Im Atelier von Thomas Aus der Au in Zürich-Wiedikon riecht es nach frischem Leder und Dachboden. Überall glänzt Rotfuchsfell. Es liegt als Silhouette auf einer langen Werkbank, lagert auf Tischen, hängt zu Mänteln verarbeitet an Bügeln von Kleiderstangen. Aus der Au hat jedes der Kleidungsstücke selber angefertigt. Er betreibt seine Kürschnerei in der dritten Generation.
Thomas Aus der Au setzt sich an seine Werkbank. Sein Hund, ein Alaskan-Husky-Mischling mit gelblich-weissem Fell, legt sich neben ihn. An einer Stange hängt ein Nerzmantel; er trägt dieselbe Farbe wie das Fell des Hundes. Aus der Au verkauft auch Pelze aus Nerz oder Polarfuchs, aber selten. Am meisten verkauft er Rotfuchsfell. Und diesen propagiert er. Warum?
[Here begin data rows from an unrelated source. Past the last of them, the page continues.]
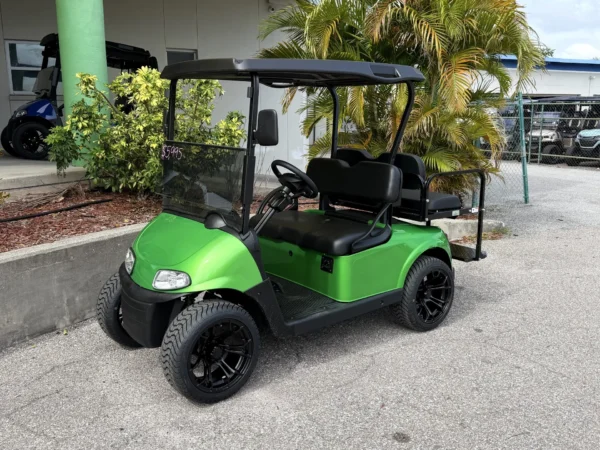 2020 E-Z-GO Freedom RXV Elite Lithium 4 Passenger Golf Cart (Monster Green) at Oxford Golf Cars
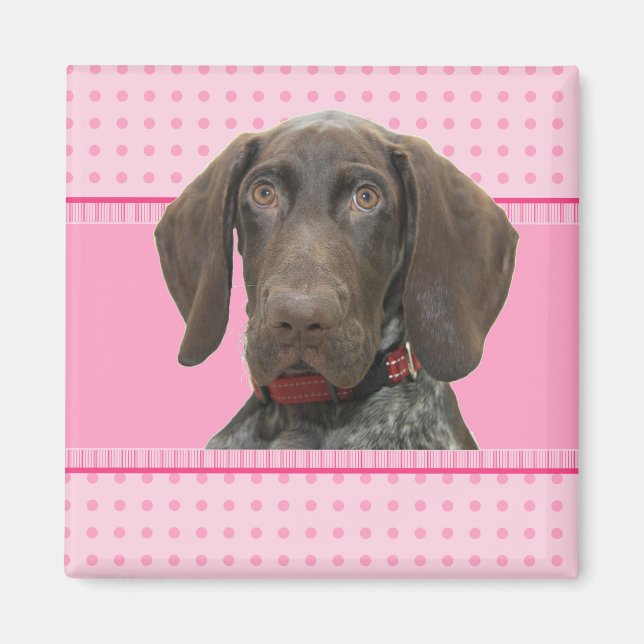 Glossy Grizzly in Pink Magnet (Front)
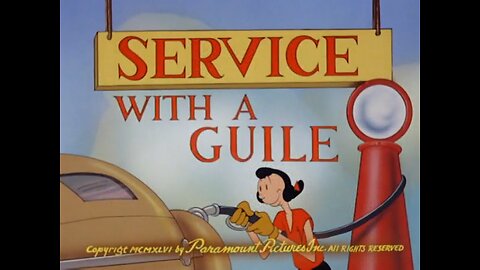 Popeye The Sailor - Service With A Guile (1946)
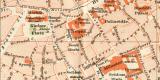 Straßburg Stadtplan Lithographie 1896 Original der...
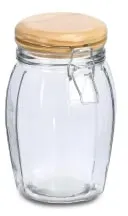 Zeller Vorratsglas mit Bügelverschluss 19594 , Maße (Ø x H): 122 x 191 mm, 1200 ml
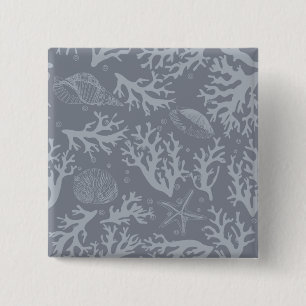 Korallenriff im Hipster Button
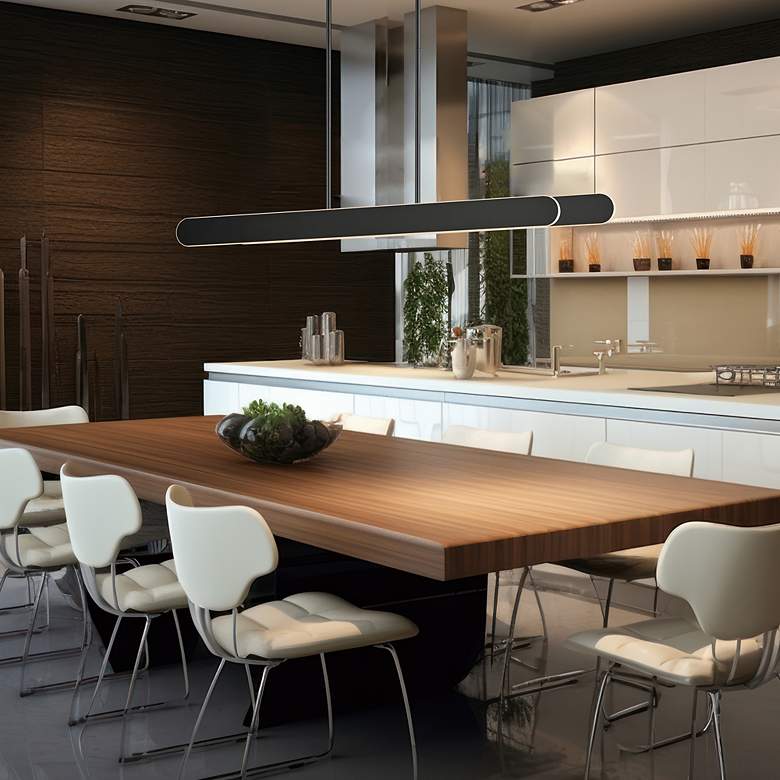 Image 5 ET2 Belt 60" Wide Black Adjustable Linear Pendant more views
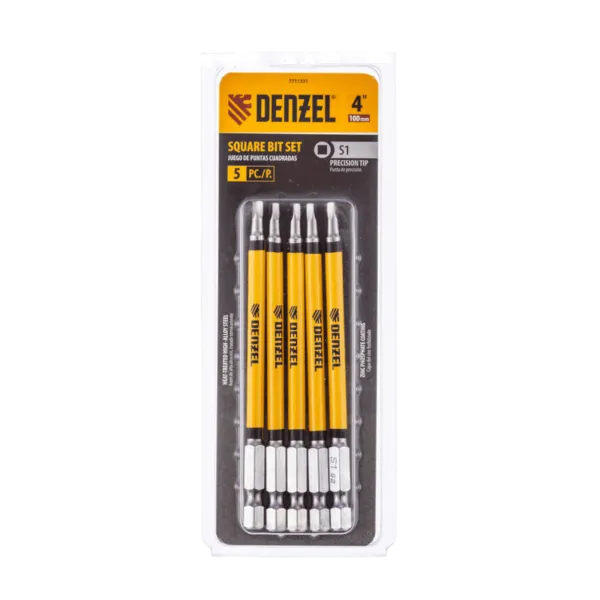 Набор бит DENZEL S1x100 мм, 5 шт.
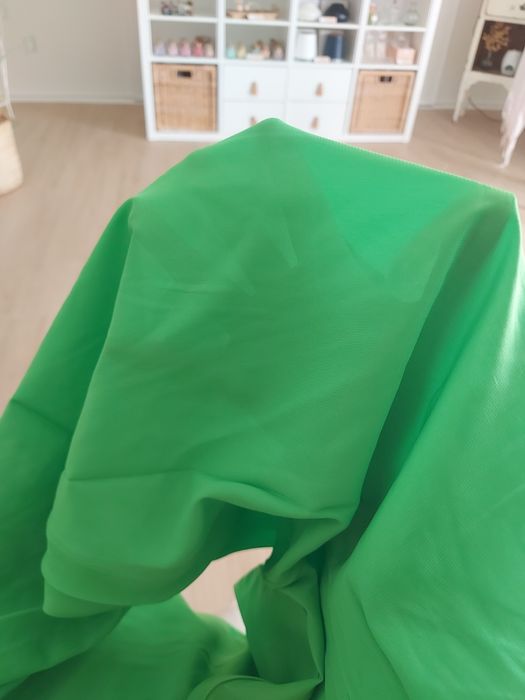 Calça verde fluorescente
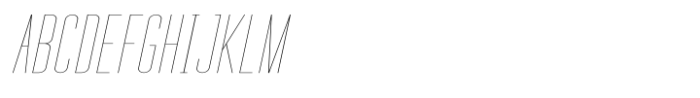 Tall Film Too Expanded Italic Font UPPERCASE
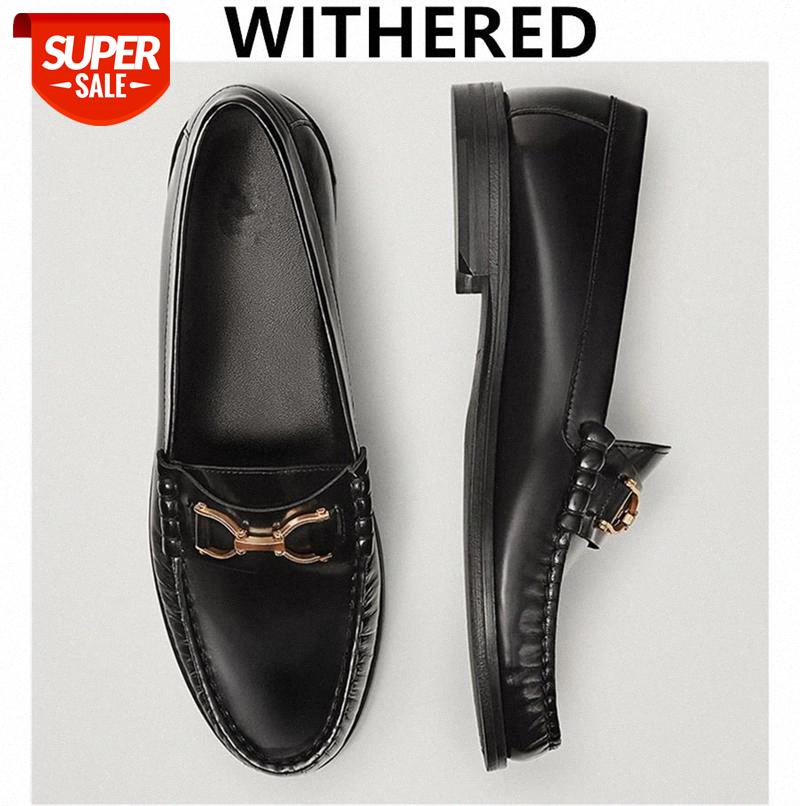 Withered 2020 england fashion simple Metal buckle cowhide vintage slip-on loafers women shoes woman women shoes flat #zB6c
Withered 2020 england fashion simple Metal buckle cowhide vintage slip-on loafers women shoes woman women shoes flat #zB6c
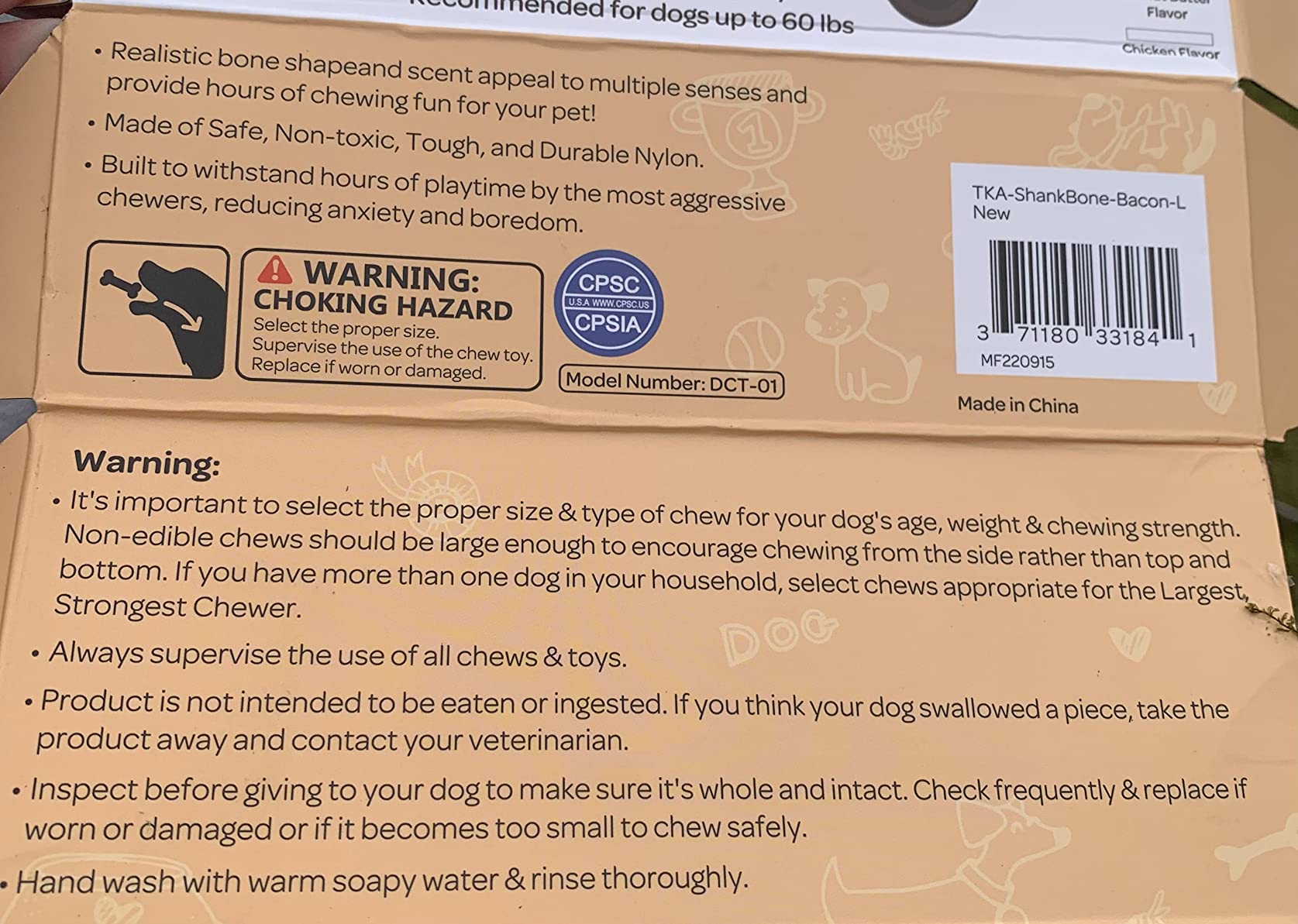 Tikaton Indestructible Dog Chew Toys for Aggressive Chewers, Beef Flavor Durable Dog Teething Chew Toys Bones for Large/Medium/Small Puppies customer photo 2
Allein im vergangenen Jagdjahr wurden laut Bundesamt für Umwelt mehr als 22 000 Füchse zur Bestandeskontrolle erlegt. In den Jahren zuvor lag die Zahl oft bei über 30 000 Füchsen. Thomas Aus der Au schätzt, dass davon jährlich nur 2000 bis 4000 Felle an Kürschner verkauft werden, weil kaum Nachfrage besteht. Der Rest wird entsorgt, verbrannt. Bis zu 30 000 Rotfuchsfelle jährlich.
«Jeder getragene Fuchs ist Pelzwerbung»
Es sind Zahlen, die in der Debatte um das Pelztragen kaum je thematisiert werden. Seit Jahrzehnten wird die Diskussion von Tierschützern geprägt, die jegliche Art von Pelztragen ablehnen und regelmässig Protestaktionen veranstalten. Beim Zürcher Hiltl Club werden Pelzträger am Eingang abgewiesen, und vergangenes Jahr strich das Zürcher Warenhaus Jelmoli jegliches Pelzprodukt aus dem Sortiment – als Teil seiner Nachhaltigkeitsstrategie.
Und doch bleiben die Importzahlen von Pelz konstant hoch: Gemäss der Eidgenössischen Zollverwaltung wurden 2018 mehr als 380 Tonnen an Pelzwaren im Wert von über 40 Millionen Franken importiert – darunter ein Grossteil an Lamm- und Rindsfellen aus Südamerika und Südostasien, die nicht zu Kleidung verarbeitet werden. Die beliebten Pelzbesätze an Kapuzen, die oft von Kaninchen oder Marderhunden stammen, sind nicht einberechnet.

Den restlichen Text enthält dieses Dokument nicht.